* WHAT YOU ARE ASKED TO DO
A verbatim copy of all the data is required, minus any images.

* INFORMATION PROVIDED
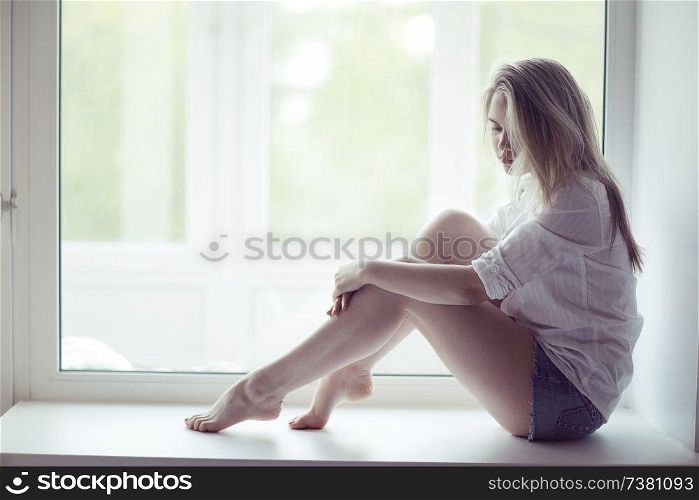 beautiful young woman at home in the apartment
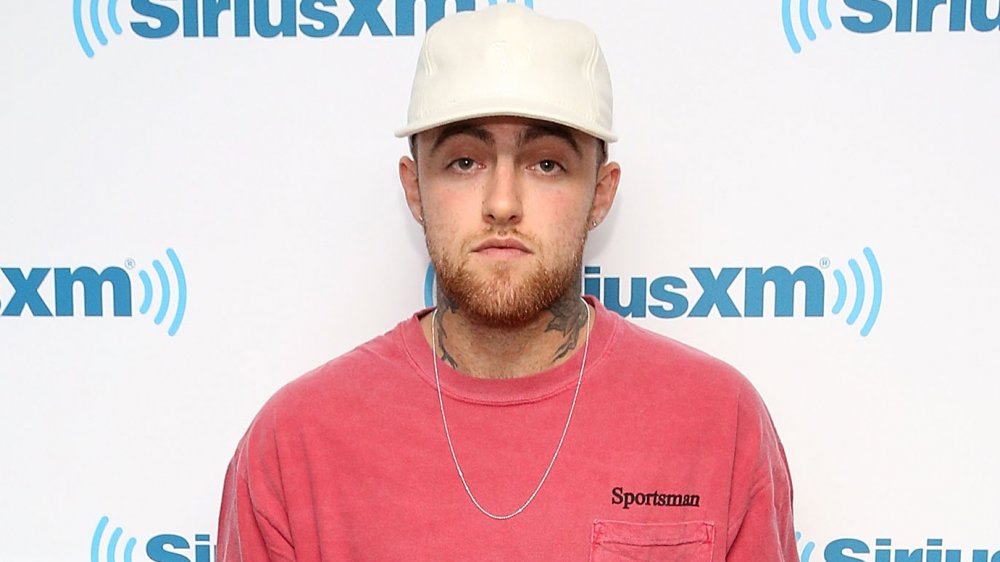 Mac Miller in una maglietta rosa e berretto da baseball bianco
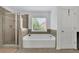 This bathroom has a soaking tub and stand up shower at 425 Eldridge Drive Dr, Suwanee, GA 30024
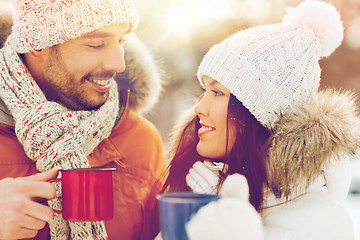 Image showing happy couple with tea cups over winter landscape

* RESULT OF THE EXERCISE
 beautiful young woman at home in the apartment
 Mac Miller in una maglietta rosa e berretto da baseball bianco
 This bathroom has a soaking tub and stand up shower at 425 Eldridge Drive Dr, Suwanee, GA 30024
 Image showing happy couple with tea cups over winter landscape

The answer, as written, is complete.